Labelling remains the same.

The training dataset has a fixed and somewhat small size. We want to simulate noisy labels — e.g. RGB 1,0,0 should not always be labelled "red", and colors close to red should also sometimes attract that label.

Here we define a collation function for use with DataLoader. It takes a batch and produces labels for the samples on the fly, which means the model may see identical samples with different labels during training.

Labels are assigned based on proximity to certain colors. The raw distance is not used; instead it is raised to a power to sharpen the association, and weaken the label for colors that are futher away. Initially the labels are smooth $(0..1)$. They are then converted to binary $\lbrace 0,1 \rbrace$ by comparison to random numbers.

The label "red" (i.e. proximity to pure red) is calculated as:

$$\text{red} = \left(r - \frac{rg}{2} - \frac{rb}{2}\right) ^{10}$$

While "vibrant" (proximity to any pure hue) is:

$$\text{vibrant} = \left(s \times v\right)^{100}$$

Where $r$, $g$, and $b$ are the red, green, and blue channels, and $s$ and $v$ are the saturation and value — all of which are real numbers between 0 and 1.

import torch
from torch.utils.data import DataLoader, TensorDataset, WeightedRandomSampler
from torch.utils.data.dataloader import default_collate


def generate_color_labels(data: Tensor, vibrancies: Tensor) -> dict[str, Tensor]:
    """
    Generate label probabilities based on RGB values.

    Args:
        data: Batch of RGB values [B, 3]

    Returns:
        Dictionary mapping label names to probabilities str -> [B]
    """
    labels: dict[str, Tensor] = {}

    # Labels are assigned based on proximity to certain colors.
    # Distance is raised to a power to sharpen the association (i.e. weaken the label for colors that are futher away).

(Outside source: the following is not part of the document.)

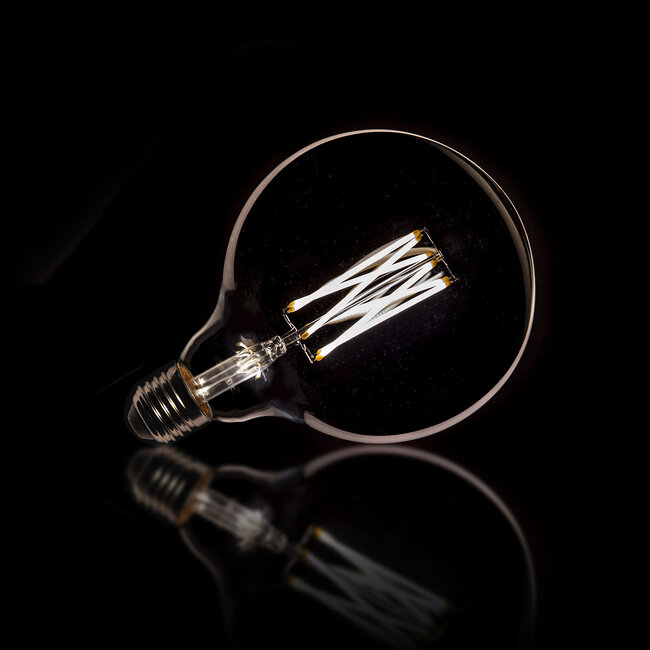 WoonStijl Lichtbron LED filament bol Ø12 5 - E27 6W 2100K 450lm dimbaar / Smoke grey glas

    # Proximity to primary colors
    r, g, b = data[:, 0], data[:, 1], data[:, 2]
    labels['red'] = (r * (1 - g / 2 - b / 2)) ** 10
    # labels['green'] = g * (1 - r / 2 - b / 2)
    # labels['blue'] = b * (1 - r / 2 - g / 2)

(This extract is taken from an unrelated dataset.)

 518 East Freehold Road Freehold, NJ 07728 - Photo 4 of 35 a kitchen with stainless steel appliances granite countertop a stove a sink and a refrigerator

    # Proximity to any fully-saturated, fully-bright color
    labels['vibrant'] = vibrancies**100

    return labels


def collate_with_generated_labels(
    batch,
    *,
    soft: bool = True,
    scale: dict[str, float] | None = None,
) -> tuple[Tensor, dict[str, Tensor]]:
    """
    Custom collate function that generates labels for the samples.

    Args:
        batch: A list of ((data_tensor,), index_tensor) tuples from TensorDataset.
               Note: TensorDataset wraps single tensors in a tuple.
        soft: If True, return soft labels (0..1). Otherwise, return hard labels (0 or 1).
        scale: Linear scaling factors for the labels (applied before discretizing).

    Returns:
        A tuple: (collated_data_tensor, collated_labels_tensor)
    """
    # Separate data and indices
    # TensorDataset yields tuples like ((data_point_tensor,), index_scalar_tensor)
    data_tuple_list = [item[0] for item in batch]  # List of (data_tensor,) tuples
    vibrancies = [item[1] for item in batch]

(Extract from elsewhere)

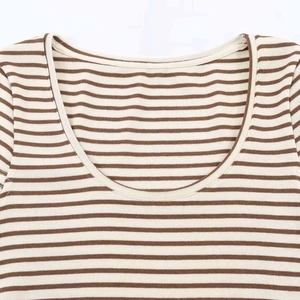 Detail of the scoop neckline with brown and beige stripes on a casual summer knit t-shirt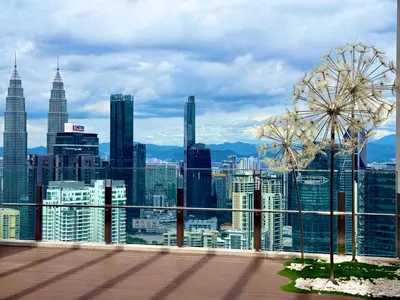 a view of a city skyline with a ferris wheel at Agile Residence Sky View Suites in Kuala Lumpur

    # Collate the data points using the default collate function
    # default_collate handles the list of (data_tensor,) tuples correctly
    collated_data = default_collate(data_tuple_list)
    vibrancies = default_collate(vibrancies)
    label_probs = generate_color_labels(collated_data, vibrancies)
    for k, v in (scale or {}).items():
        label_probs[k] = label_probs[k] * v

    if soft:
        # Return the probabilities directly
        return collated_data, label_probs
    else:
        # Sample labels stochastically
        labels = {k: discretize(v) for k, v in label_probs.items()}
        return collated_data, labels


def discretize(probs: Tensor) -> Tensor:
    """
    Discretize probabilities into binary labels.

    Args:
        probs: Tensor of probabilities [B]

    Returns:
        Tensor of binary labels [B]
    """
    # Sample from a uniform distribution
    rand = torch.rand_like(probs)
    return (rand < probs).float()  # Convert to float for compatibility with loss functions

Datasets

Like Ex 1.7, we'll train on the HSV cube (with RGB values) and validate with the RGB cube. We train on the whole HSV cube right from the start, with a sampling bias to prevent too much importance being given to dark and desaturated colors (which are over-represented in the training data).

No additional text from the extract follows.